Cândido olhou à volta. A noite apresentava-se promissora. Tinham chegado novas raparigas ao restaurante. As que, quando a iluminação deixava de ser tão clara, cirandavam pelas mesas, em busca de companhia. Algumas eram russas, outras da Mongólia. Naquela noite apresentava-se ali uma fadista que tinha vindo de Lisboa. E, de caminho para Goa, aproveitara para conhecer Macau. Apeteceu-lhe ir buscar o saxofone e juntar o seu som ao da guitarra portuguesa e da voz dela. Era uma rapariga de pouco mais de 30 anos. Muito morena e de olhos negros. Usava um xaile, algo que era um acessório quente para as noites de Macau. Mas era uma imagem que definia uma fadista como ela. Ana de Freitas, assim se chamava aquela jovem que tinha a voz quente e poderosa que, à meia-luz, fez silenciar todos os que estavam no restaurante. E cantava:

Venho
Desse tempo já esquecido
Quando as mãos se tocavam nos becos
Trocavam beijos ao luar
Tudo isso é tempo ido
Que saudades de amar

Venho
De esquinas sem idade
Onde mulheres de má fama
Liam sinas cheias de verdade
Onde viam perigos
Numa vida de enganos

Tenho
Uma faca e um canivete
Para sobreviver
Aos meus pecados
Na pele, gravados
No coração, desenhados

Quando ela terminou, quase meia hora depois, entre aplausos, Prazeres da Costa fitou Cândido e disse:

– E a tua amiga Marina Kaplan? Não posso deixar de lhe agradecer o que fez por mim.
– Ela é uma senhora. Poderia, se quisesse, recrutar qualquer pessoa para as suas causas. Até os padres. Ou mais.
– Seria uma boa recruta para Nomura.
– Não a tentes com isso. Perderás uma amiga.
– Achas?
– Tenho a certeza. Marina não alinha com ninguém. Só com os seus interesses. E estes são insondáveis. Já agora, que sabes de Ezequiel de Campos?
– Ele é a pessoa por detrás das cortinas. Tem mais poder do que muitos que julgamos serem os mais poderosos de Macau.

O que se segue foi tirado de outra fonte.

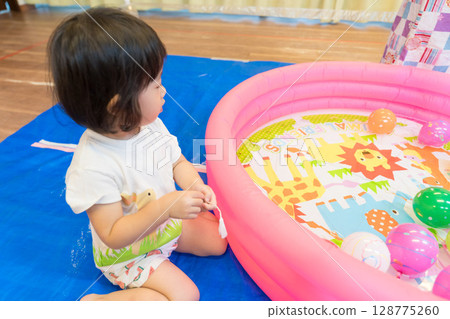 幼稚園裡玩水溜溜球釣魚的小女孩 128775260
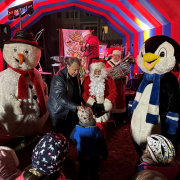 WG Solidarität Kinder erzählen dem Weihnachtsmann ihre Wünsche. Schneemann und Pinguin sind auch dabei.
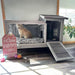 Large wooden rabbit hutch with wire enclosure, dark shelter area, ramp, and Easter sign nearby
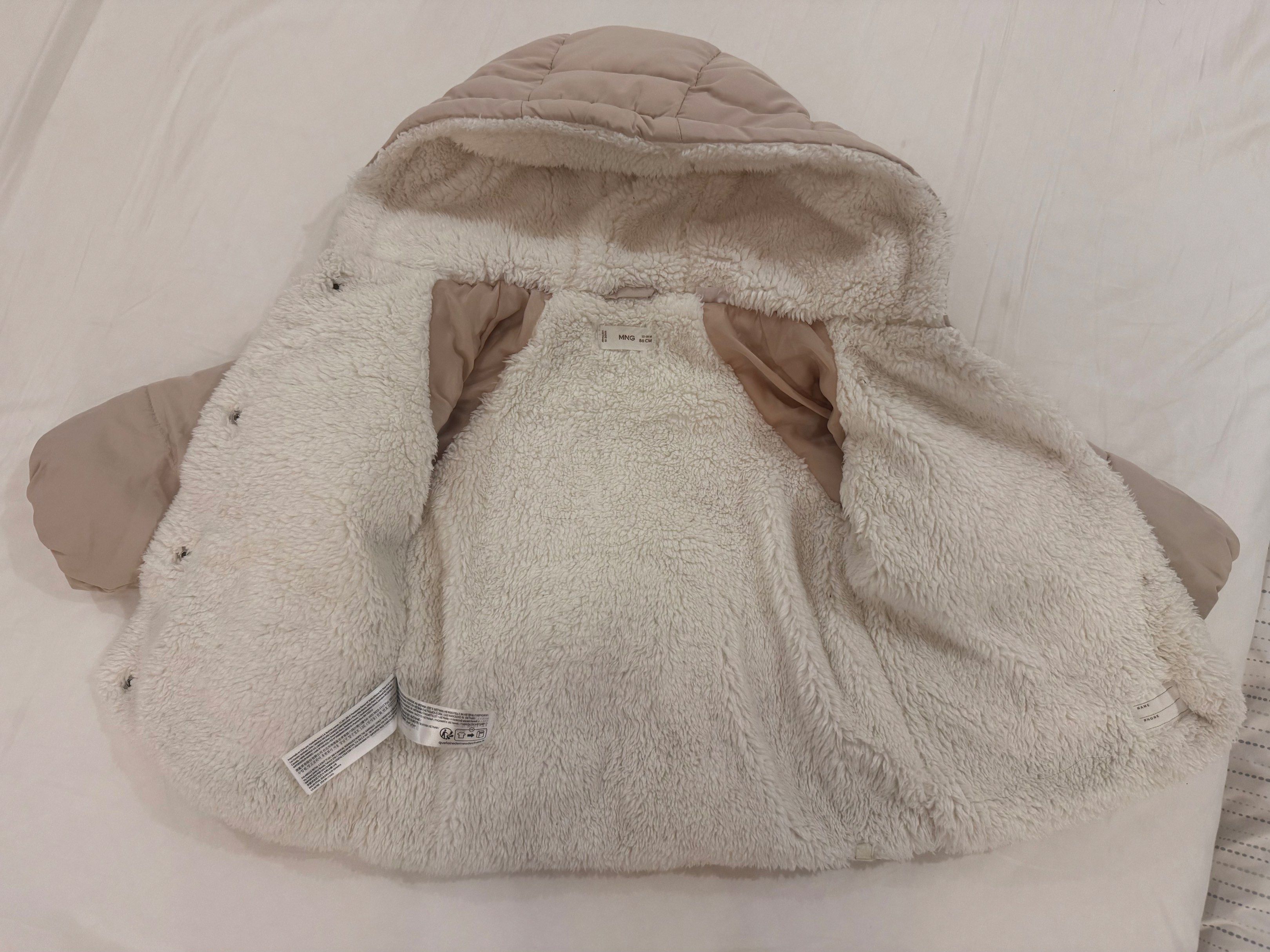 MNG Baby Padded Jacket with Hood (Category: Coats, Jackets and Outerwear) located in Pasay City. Submitted by kengdecluter (Listing ID 1420660133, Image 2). Description: - MNG baby jacket - Size: 12-18 months (86cm) - Padded design - Cozy sherpa-lined interior - Hooded - Button-up front - Two pockets - Neutral beige color.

Cândido bebeu mais um gole de vinho. Apetecia-lhe sair dali. Já deveriam ter retirado o corpo do russo do passeio onde tinha sido assassinado.

– Ficas, José? Eu vou indo.
– Vou ficar. Apetece-me ficar embriagado. E conhecer as novas raparigas.
– E depois vai jogar?
– Hoje já jogaram o suficiente comigo. Poderia ter sido eu a morrer.
– É verdade.

Cândido saiu. Não se via ninguém na rua. Sabia-lhe bem o cheiro da noite. Mas sentia que lhe faltava algo. Seguiu rumo ao “Bambu Vermelho”. O aroma do ópio chamava-o, para que se pudesse acalmar. E dormir em paz.